This course is an introduction to differential forms and their applications. The exterior differential calculus of Elie Cartan is one of the most successful and illuminating techniques for calculations. The fundamental theorems of multivariable calculus are united in a general Stokes theorem which holds for smooth manifolds in any number of dimensions. This course develops this theory and technique to perform calculations in analysis and geometry. This course is independent of Math 436, although it overlaps with it. The point of view is more abstract and axiomatic, beginning with the general notion of a topological space, and developing the tools necessary for applying techniques of calculus. Local coordinates are necessary, but coordinate-free concepts are emphasized. Local calculations relate to global topological invariants, as exemplified by the Gauss-Bonnet theorem.

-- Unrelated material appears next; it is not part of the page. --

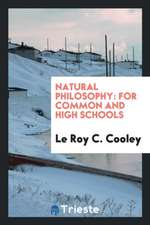 Natural Philosophy: For Common and High Schools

MATH 241 and (MATH 240 or MATH 461); or MATH 340 and MATH 341.
Recommended: MATH 403, MATH 405, MATH 410, MATH 432 or MATH 436. (For appropriate "mathematical maturity".)
Elementary point-set topology
Manifolds, submanifolds, smooth maps
Inverse Function Theorem
Exterior product, interior product
Vector fields, Tensor fields
Lie derivatives, Exterior derivative,
Applications to Lie groups
Integration on manifolds
Cohomology, de Rham Theorem
Maxwell's Equations and Electrostatics